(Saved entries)
··········

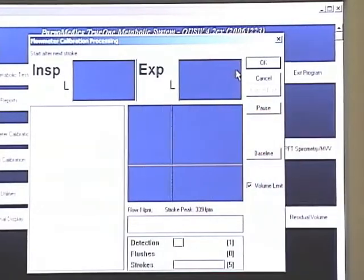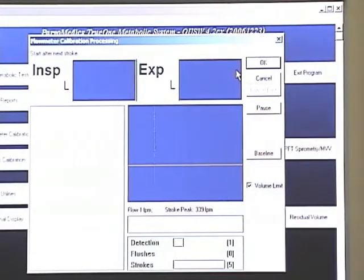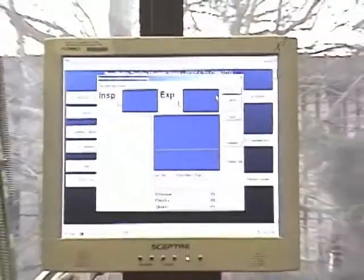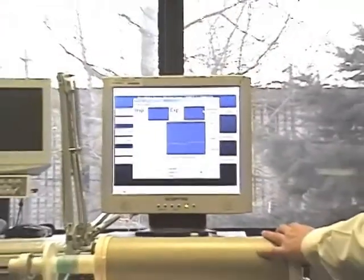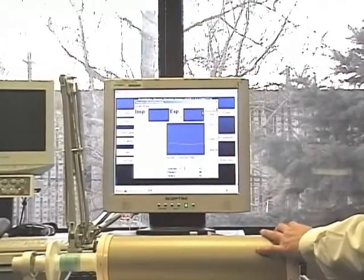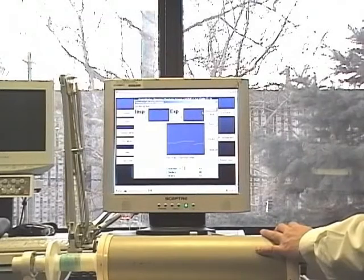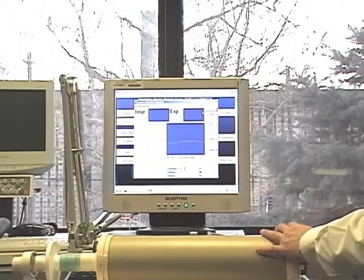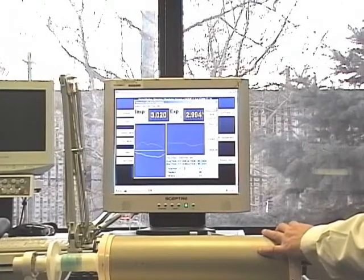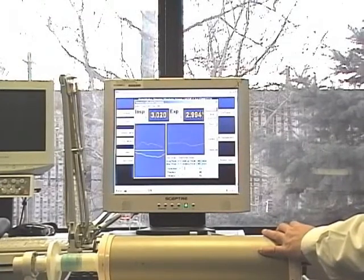That was the start inspiratory, and I will have an expiratory a little bit more in expiratory.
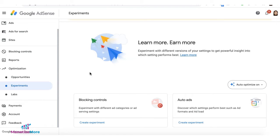You can now conduct AdSense Auto Ads experiments and see which settings perform better for your site.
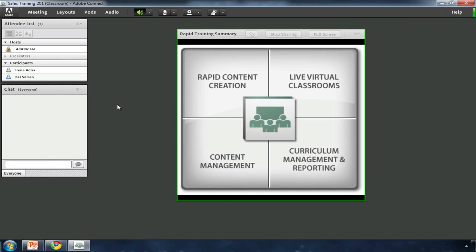With sales training, speed is critical. Adobe Connect can help rapidly create, manage, and track your live and on-demand sales training content.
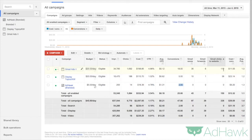Hey everyone, it's Todd from AdHawk here, and today we're going to go over an advanced bid strategy which is called Target Search Page Location.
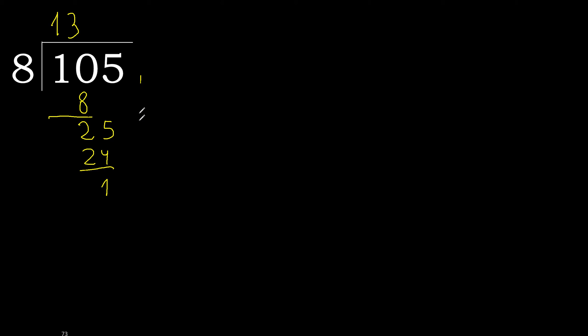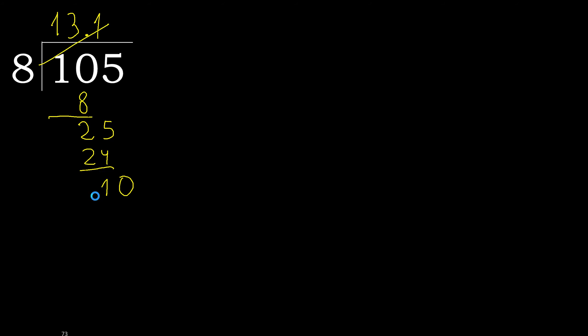Next. There is not number, therefore complete. Always complete with 0, here with point. Complete point. 8 multiplied by 2 is greater. Multiply by 1 is 8. It is not greater. Subtract. Complete. Complete point. Point is here.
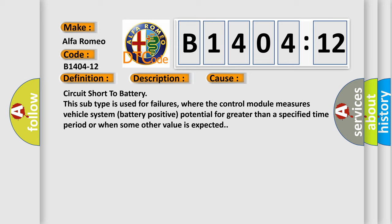This diagnostic error occurs most often in these cases: Circuit short to battery. This subtype is used for failures where the control module measures vehicle system battery positive potential for greater than a specified time period or when some other value is expected.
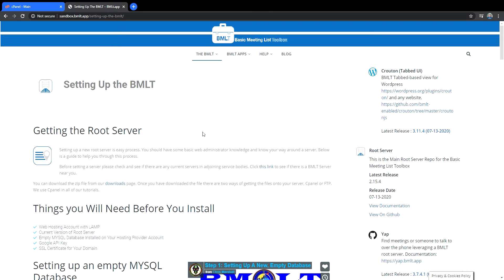Hey guys, Rich here and today we're taking a look at how you can upload the zip file for the root server. First thing you need to do is download it and you'll probably find it in the sidebar where you'll see all the latest updated BMLT stuff. There's also a link on the setting up the BMLT page and it just says downloads, but it's pretty easy to find on the BMLT website.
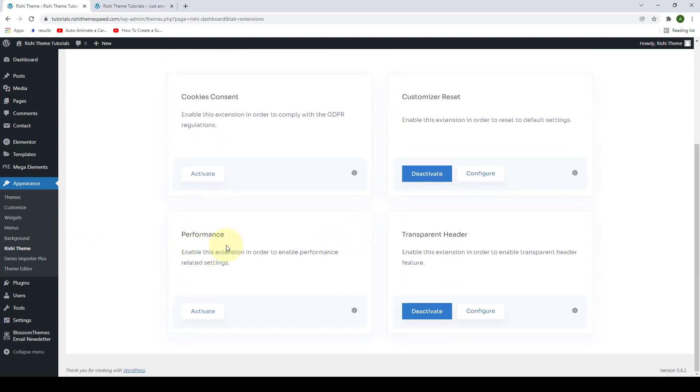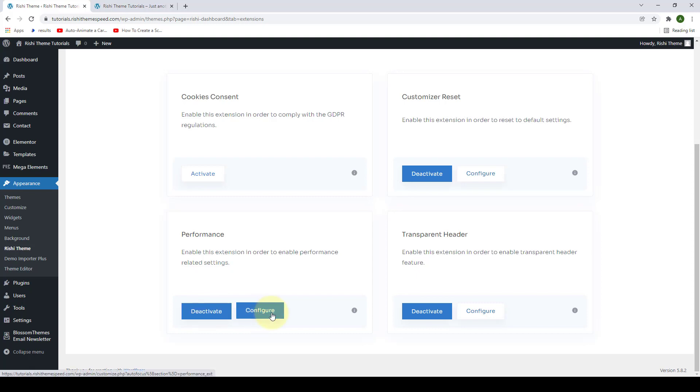You have to enable the performance extension. Just click on the activate button, then click on configure.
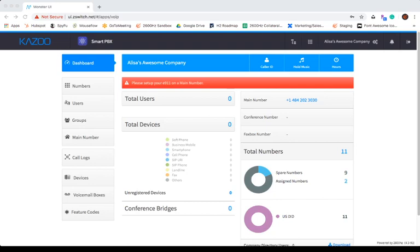The SmartPBX dashboard provides a comprehensive overview of your entire product offering. The first time you access SmartPBX, your dashboard will look bare, but as you set up each category listed on the left-hand side of your screen, your dashboard will look dramatically different.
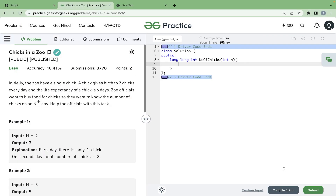Hello, in this video we will discuss about the problem 'Chicks in a Zoo'. You have to find out how many chicks will be there on the nth day. You have to find the number of chicks which are present on the nth day.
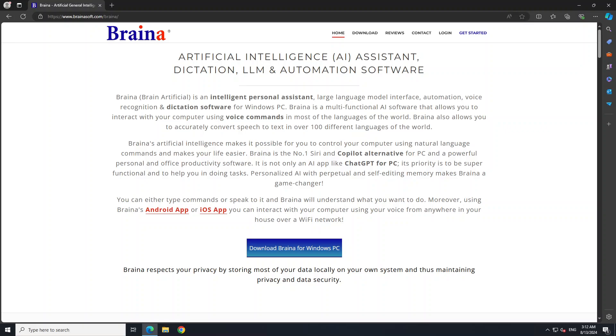Hello and welcome to the channel. In this video I'm going to show you yet another tool, Braina, which you can use to run large language models locally. One heads up: this tool is free to some extent, but you would have to upgrade to Pro if you want to use it for various purposes.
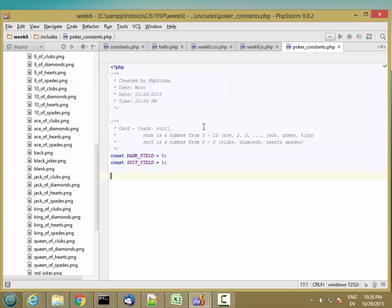And then let's define some constant arrays for the name of the rank and for the name of the suit. So this is something you can only do in PHP version 5.6 and up, define constant arrays. If you're working in an earlier version of PHP, you can define variables that hold arrays but not constants. And unlike variables that hold single values, you have to use the const keyword to create a const array.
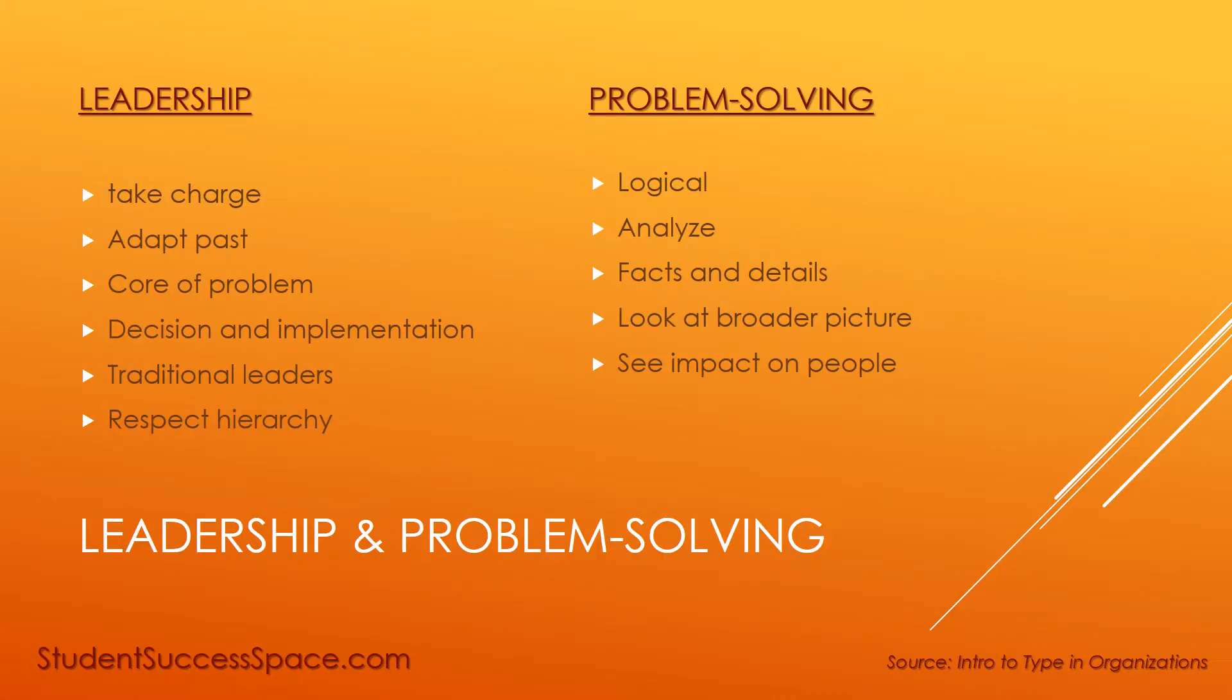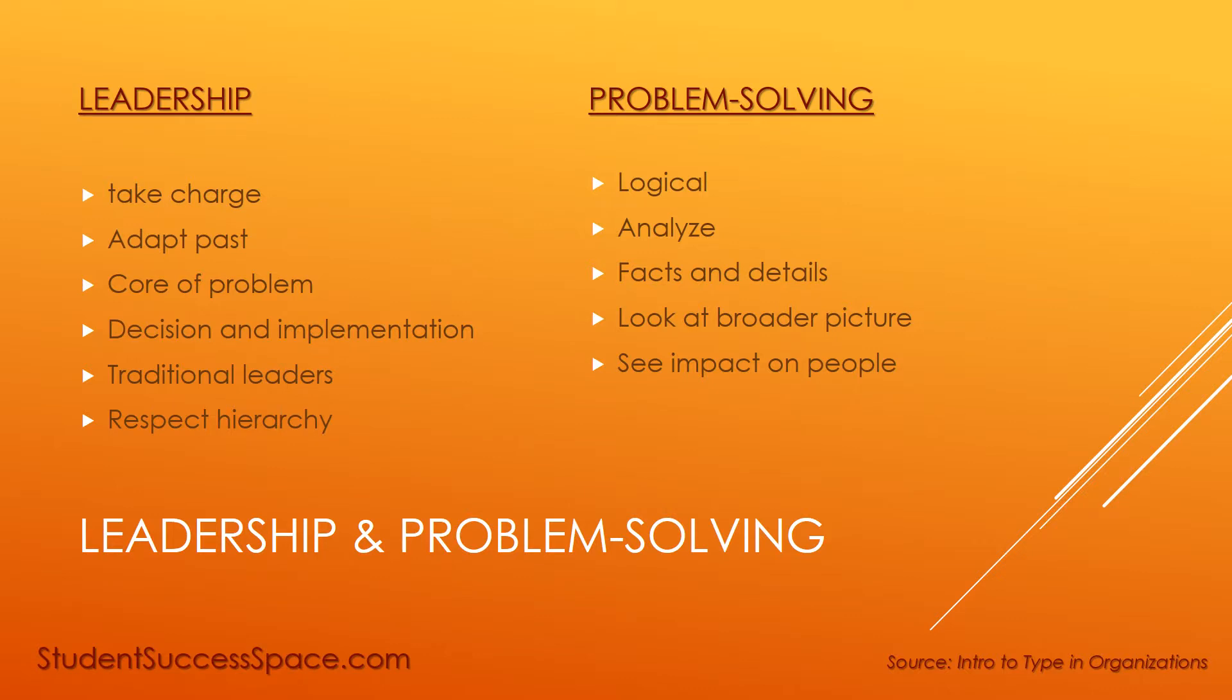Their leadership style is one of taking charge. They love to be directly involved. They apply and adapt their past experiences to solve problems, and they like to get to the core of situations very directly and crisply. They decide and implement things quickly, and they act as traditional leaders who respect the hierarchy, especially within a system.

··········

● **YOUR GOAL**
Please copy out from the data above, without any picture, exactly the lines running from the one that holds "Hey everyone, it's" through the one that holds "Hello and welcome", and nothing beyond them.

● **EXERCISE OUTPUT**
Hey everyone, it's Todd from AdHawk here, and today we're going to go over an advanced bid strategy which is called Target Search Page Location.
Next. There is not number, therefore complete. Always complete with 0, here with point. Complete point. 8 multiplied by 2 is greater. Multiply by 1 is 8. It is not greater. Subtract. Complete. Complete point. Point is here.
This diagnostic error occurs most often in these cases: Circuit short to battery. This subtype is used for failures where the control module measures vehicle system battery positive potential for greater than a specified time period or when some other value is expected.
Hey guys, Rich here and today we're taking a look at how you can upload the zip file for the root server. First thing you need to do is download it and you'll probably find it in the sidebar where you'll see all the latest updated BMLT stuff. There's also a link on the setting up the BMLT page and it just says downloads, but it's pretty easy to find on the BMLT website.
You have to enable the performance extension. Just click on the activate button, then click on configure.
The SmartPBX dashboard provides a comprehensive overview of your entire product offering. The first time you access SmartPBX, your dashboard will look bare, but as you set up each category listed on the left-hand side of your screen, your dashboard will look dramatically different.
Hello, in this video we will discuss about the problem 'Chicks in a Zoo'. You have to find out how many chicks will be there on the nth day. You have to find the number of chicks which are present on the nth day.
Hello and welcome to the channel. In this video I'm going to show you yet another tool, Braina, which you can use to run large language models locally. One heads up: this tool is free to some extent, but you would have to upgrade to Pro if you want to use it for various purposes.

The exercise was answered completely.